Hawley v. McCabe
Decision Date | 08 November 1933 |
Citation | 117 Conn. 558,169 A. 192 |
Parties | HAWLEY v. McCABE. |
Court | Connecticut Supreme Court |
Appeal from Superior Court, Fairfield County; John A. Cornell Judge.
Action by David H. Hawley against Edythe M. McCabe for declaratory judgment that plaintiff had the right of way over land of defendant. On trial to the court, judgment was entered decreeing that plaintiff had right of way by prescription over defendant's land for limited purpose of drawing wood, but that defendant's land was not subject to right of way by necessity for all purposes in favor of plaintiff's land, and plaintiff appeals.
No error.
George E. Beers, of New Haven, Samuel A. Davis, of Danbury, and William L. Beers, of New Haven, for appellant.
William Hanna, of Danbury, for appellee.
Argued before MALTBIE, C.J., and HAINES, HINMAN, BANKS, and AVERY JJ.
Plaintiff owns a tract of land in Danbury bounded on the east by land of the defendant known as the meadow lot, and on the south by other land of the defendant known as the Judson lot. Both of defendant's lots abut on the east upon the highway, and the plaintiff claims a right of access to the highway across the Judson lot by virtue of a right of way by prescription and also claims a right to such access across the meadow lot by virtue of a right of way of necessity.

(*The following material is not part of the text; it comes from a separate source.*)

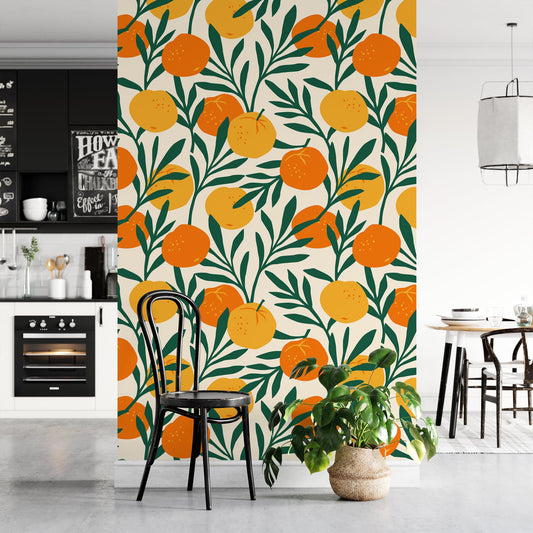 Orange Pattern Wallpaper, Citrus Wall Poster with Vibrant Green Leaves, Illustration Wallpaper, Tangerine Kitchen Mural, Orchard Wallpaper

The court found that the plaintiff had a right of way by prescription over the Judson lot for the limited purpose of drawing wood, and error is assigned in the overruling of plaintiff's claim that he had acquired by prescription a right of way over that tract for all purposes. It appears from the finding that about twenty-five years ago a sawmill was established on the land now owned by the plaintiff, and slabs and cordwood were carted over the Judson lot, and at all times since plaintiff has owned this land he has carted wood across the Judson lot of the defendant, the passway formed by such use being about eight feet in width and marked by wagon ruts. It is found that neither the plaintiff nor his predecessors in title have made any use of this passway other than thus stated.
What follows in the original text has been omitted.